En la playa
Paseo sin rumbo fijo, sólo por el placer de pisar la arena mojada y sentir el sol sobre la piel. El pueblito balneario es mínimo, sin ninguna pretensión de grandeza o sofisticación, ideal para pasar unos días en paz y reflexionar. Observo, con medida discreción, a la poca gente con la que me cruzo: la parejita enamorada ajena totalmente al resto del mundo, viviendo su amor que -como bien dijo el gran Vinicius de Moraes- es eterno mientras dura; el grupo familiar que intenta hacer de la playa una réplica del patio de su casa, como si tomarse vacaciones fuera tan sólo un cambio de escenario y no mereciera la ruptura de las bobas y narcotizantes rutinas cotidianas; el anciano robusto y curtido que se delata lugareño, por la actitud con que encara a ese "gentío" mezclando impecable cortesía con condescendiente desdén.
En eso estoy cuando veo a un pibe de unos tres años y sin premeditarlo me detengo.
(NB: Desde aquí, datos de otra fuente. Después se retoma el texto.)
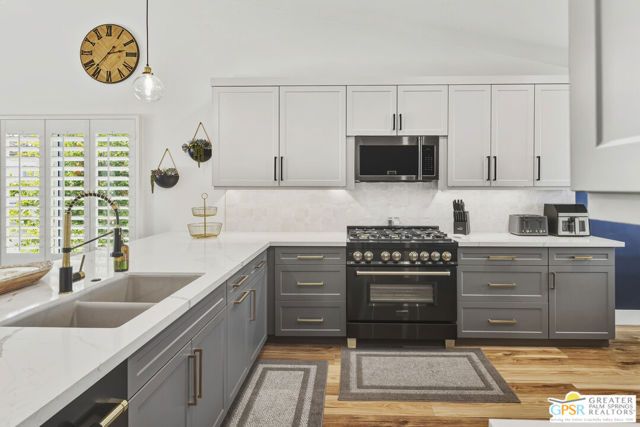 189 Torrey Pine Drive, Palm Desert, CA 92211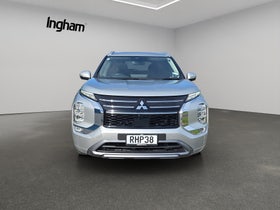 2025 Mitsubishi Outlander | VRX 2.5P/4WD/CVT | 33362 | 2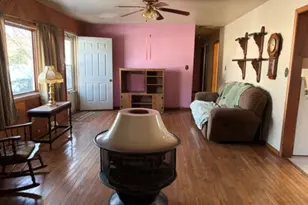 201 S Carson St, Long Point, IL 61333 - Photo 9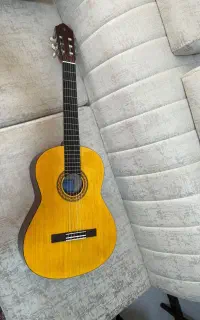 گیتار کلاسیک یاماها ساخت اندوندزی مدل C40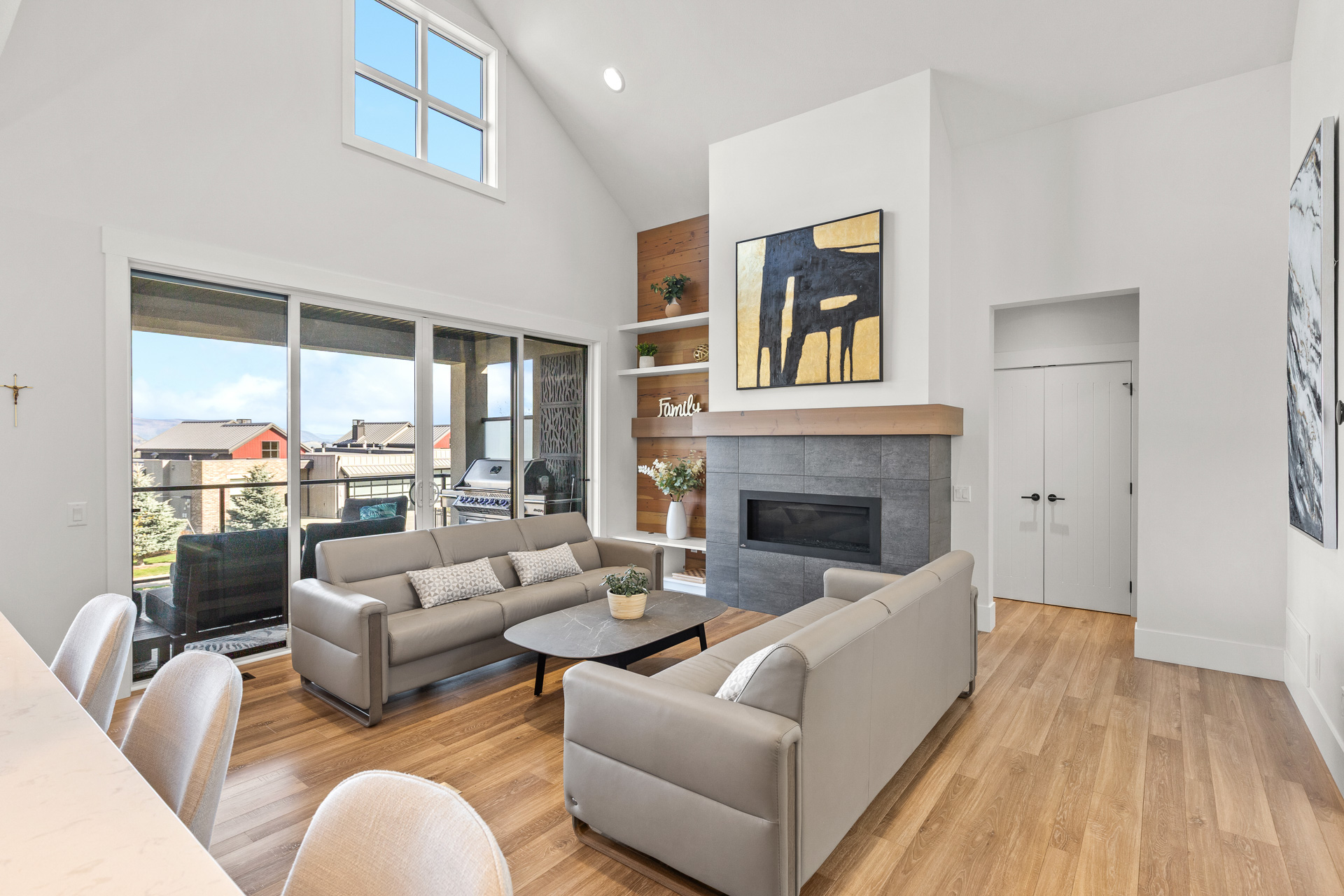 Luxury Living at Predator Ridge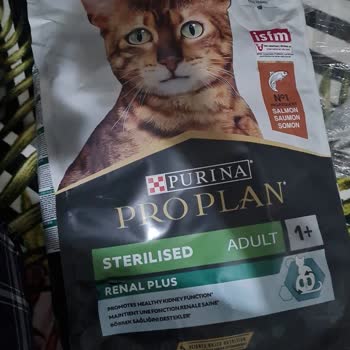 Trendyol Sent Me Purina Cat Food That I Believe Is Not Original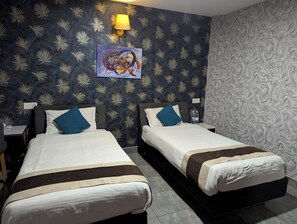 غرفة ديلوكس بسريرين منفصلين | مكتب ومساحة عمل للكمبيوتر المحمول وواي فاي مجانًا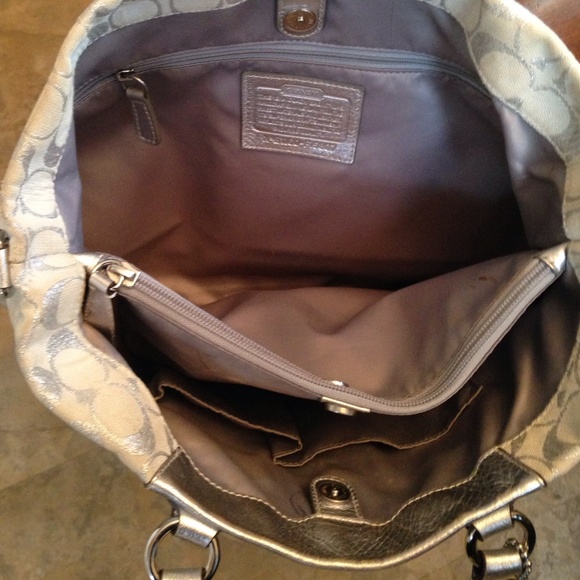 Silver and off white coach purse - Picture 2 of 3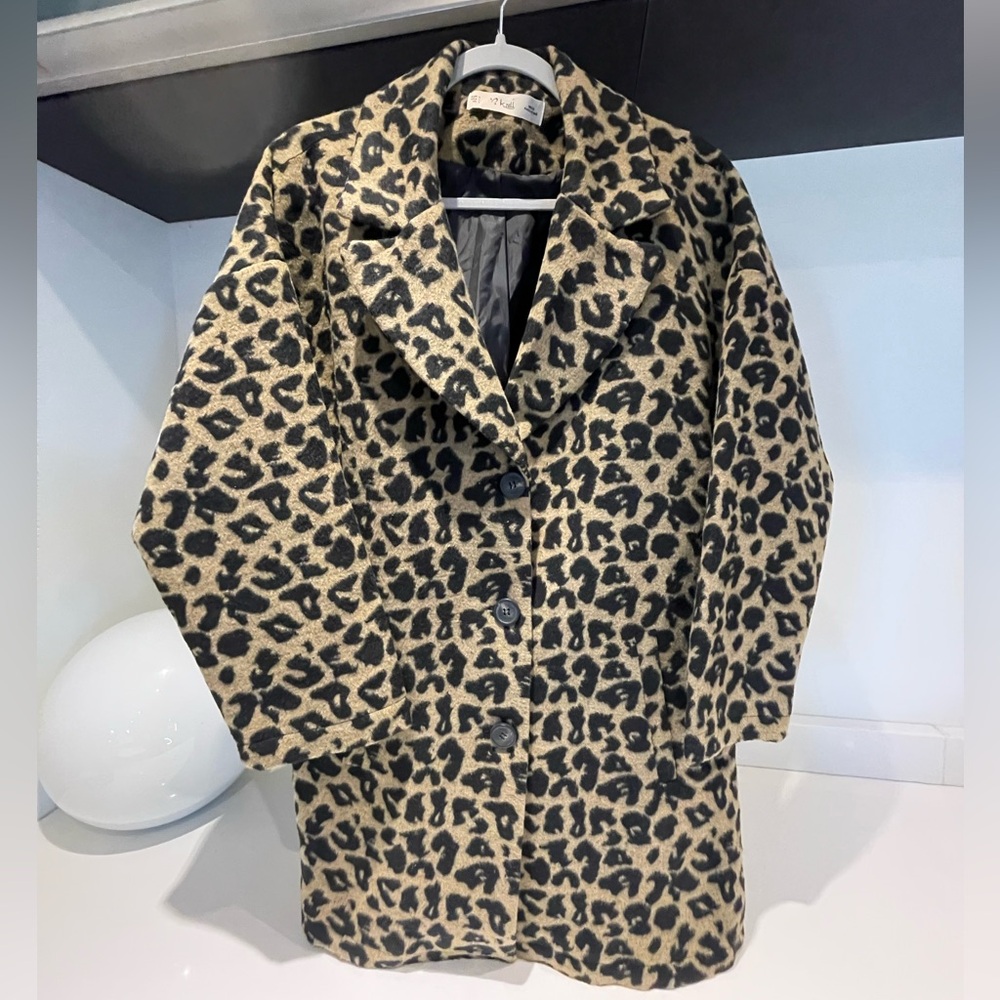 K zell women’s leopard animal print 3 button mid length Jacket coat sz Large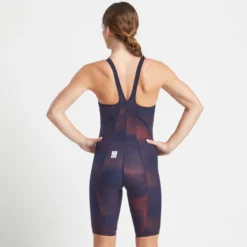 FINIS HydroX Navy ClosedBack -Aqua Shop 1.10.044 Navy Studio.Main 03 36c93294 ceec 4604 8c77 1d76168e848d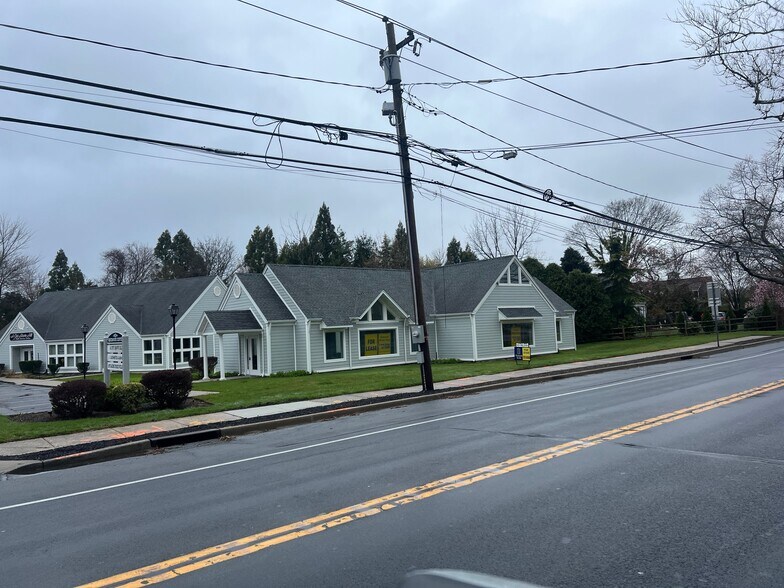 487 Main Rd, Riverhead, NY à louer - Photo du bâtiment - Image 1 de 3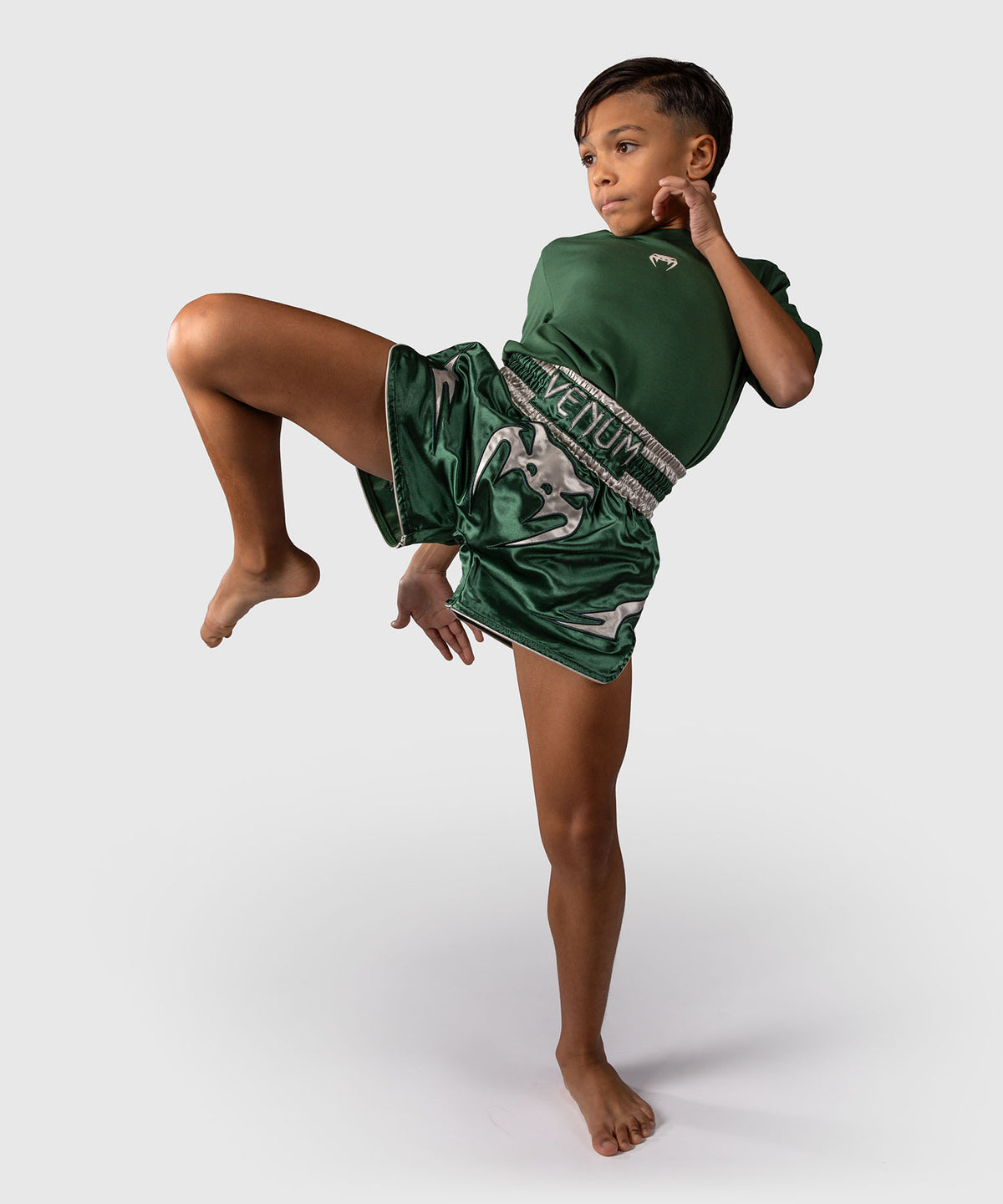 Short de Muay Thaï Venum Inferno – Vert Forêt/ Blanc Cassé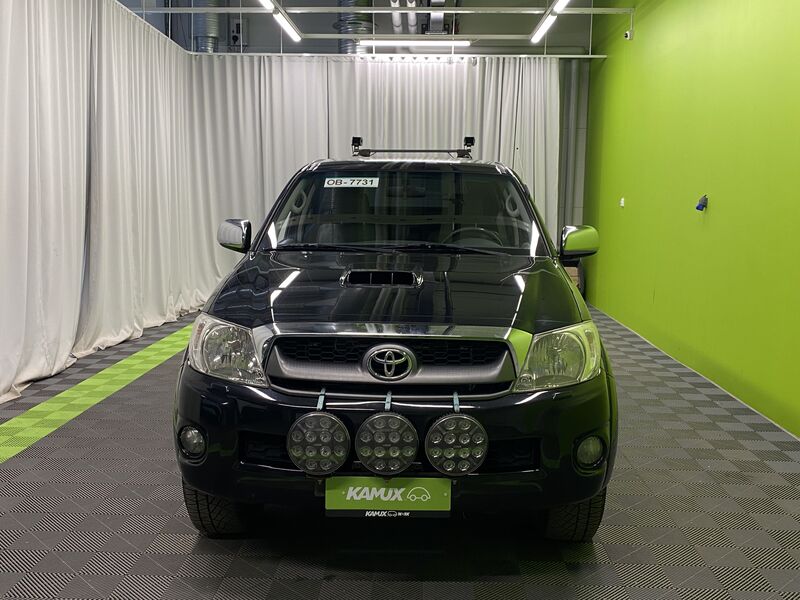 Toyota Hilux vaihtoauto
Él está sentado ahí, algo alejado del resto aunque probablemente bajo la atenta supervisión de sus padres; con su zurda abraza a un desproporcionado perro inflable y con la mano derecha juguetea con la fina arena de la playa: es un juego meramente táctil porque su conciencia vagabundea por otros lados. Aunque la luz del sol sobre sus ojos fuerce un gesto que podría confundirse con enojo, una mirada más detallista revela que no es así. Es evidente que el pibe no está contento, pero tampoco está triste; podría decirse que su expresión denota un equilibrio entre ambos extremos, como si a tan tierna edad ya supiera que esta vida no será un valle de lágrimas pero, tampoco y sin duda, pura joda. ¿Se puede decir acaso, siendo un niño tan pequeño, que su actitud prefigura la de una futura persona seria?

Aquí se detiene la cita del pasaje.